Mulai muncul isu di pemberitaan media tentang pelemahan KPK beberapa bulan yang lalu, hal ini mulai terlihat dari penurunan kepercayaan terhadap KPK. Jika, KPK yang dulu sering sekali mengungkap kasus korupsi, saat ini kredibilitas KPK menurun (kasus Harun Masiku belum tertangkap).

Febri yang sudah 5 tahun bekerja di lembaga anti-rasuah tersebut membeberkan gambaran penting yang mempengaruhi keberhasilan KPK di berbagai dunia. Terdapat tiga faktor utama yang pertama political will yaitu komitmen politik yang kuat akan menentukan berhasil atau tidak berhasilnya pemberantasan korupsi di sebuah negara tersebut. Kedua, Independensi kelembagaannya (aspek lembaga, aspek fungsi dan pegawai yang akan melaksanakan semua tugasnya). Ketiga, seberapa besar lembaga itu dimiliki atau didukung oleh publik (Indonesia). Publik bisa menilai sendiri KPK saat ini, seperti misalnya bila ada orang yang bermasalah didalamnya maka proseslah mereka.

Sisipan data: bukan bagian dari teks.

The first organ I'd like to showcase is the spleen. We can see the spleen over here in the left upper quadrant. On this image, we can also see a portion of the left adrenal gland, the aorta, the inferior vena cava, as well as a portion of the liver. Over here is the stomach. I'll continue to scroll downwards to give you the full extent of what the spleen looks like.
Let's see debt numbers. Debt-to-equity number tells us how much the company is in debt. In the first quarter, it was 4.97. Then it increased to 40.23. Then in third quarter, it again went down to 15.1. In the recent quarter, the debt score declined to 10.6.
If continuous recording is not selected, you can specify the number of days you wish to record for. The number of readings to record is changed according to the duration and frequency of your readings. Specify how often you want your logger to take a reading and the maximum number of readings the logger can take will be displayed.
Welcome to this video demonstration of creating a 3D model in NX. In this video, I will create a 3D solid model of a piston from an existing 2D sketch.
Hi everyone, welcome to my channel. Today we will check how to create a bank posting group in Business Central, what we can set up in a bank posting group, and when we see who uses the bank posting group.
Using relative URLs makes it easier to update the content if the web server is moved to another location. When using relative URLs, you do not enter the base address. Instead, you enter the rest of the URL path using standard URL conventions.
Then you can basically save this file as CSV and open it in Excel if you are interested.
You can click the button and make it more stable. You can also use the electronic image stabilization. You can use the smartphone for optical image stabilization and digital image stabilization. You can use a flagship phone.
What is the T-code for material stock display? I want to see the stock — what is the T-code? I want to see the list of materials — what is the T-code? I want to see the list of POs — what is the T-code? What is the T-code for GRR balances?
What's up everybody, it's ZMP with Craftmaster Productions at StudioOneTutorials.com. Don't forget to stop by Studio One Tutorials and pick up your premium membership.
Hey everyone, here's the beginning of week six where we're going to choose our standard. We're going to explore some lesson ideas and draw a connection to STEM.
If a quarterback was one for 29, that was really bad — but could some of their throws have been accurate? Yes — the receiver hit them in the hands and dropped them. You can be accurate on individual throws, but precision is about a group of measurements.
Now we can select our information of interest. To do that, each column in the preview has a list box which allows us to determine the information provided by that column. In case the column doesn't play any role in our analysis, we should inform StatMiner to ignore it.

Saya tahu tentang mas Febri Diansyah melalui media ketika KPK menangani kasus Setya Novanto dan beberapa Operasi Tangkap Tangan (OTT) kasus korupsi. Jubirnya kalem, tenang, tapi tegas. Hal yang saya suka dari mas Febri adalah sikap tenangnya, banyak perkataan yang mengarah kepadanya namun selalu bisa dijawab secara logis dan jelas (kalem). Saya selalu tertarik dengan berbagai isu korupsi seperti kata Ekonom senior Institute for Development of Economics and Finance (Indef) Faisal Basri yang mengatakan bahwa korupsi jadi masalah utama untuk investasi di Indonesia. “Investasi tidak ada masalah. Ibarat kita makan yang bergizi tapi berat badan tidak naik. Banyak cacing di perut, itu namanya korupsi. Korupsi bikin investor dalam negeri sakit kepala. Nomor satu korupsi dan nomor dua birokrasi yang tidak efisien,” ujarnya di acara Mata Najwa.

Febri Diansyah sudah menjadi jubir KPK selama tiga periode kepemimpinan yaitu Abraham Samad, Agus Rahardjo dan Firy Bahuri. Ia merupakan lulusan Universitas Gajah Mada Fakultas Hukum (2007). Pria kelahiran Padang 8 Februari 1983 tersebut pernah aktif di LSM Indonesia Corruption Watch selama 7 tahun. Ia ditempatkan dibagian program monitoring hukum dan peradilan dengan tugas memantau jalannya proses peradilan kasus-kasus korupsi di Indonesia. Febri mendapatkan penghargaan dari lembaga riset politik Charta Politika Indonesia atas isu-isu korupsi.

Febri berencana akan aktif di bidang advokasi publik yang menangani para korban korupsi. Seperti, korupsi kehutanan atau terkait pertambangan berdampak terhadap masyarakat sekitarnya. 👍👍👍👍👍👍👍👍👍.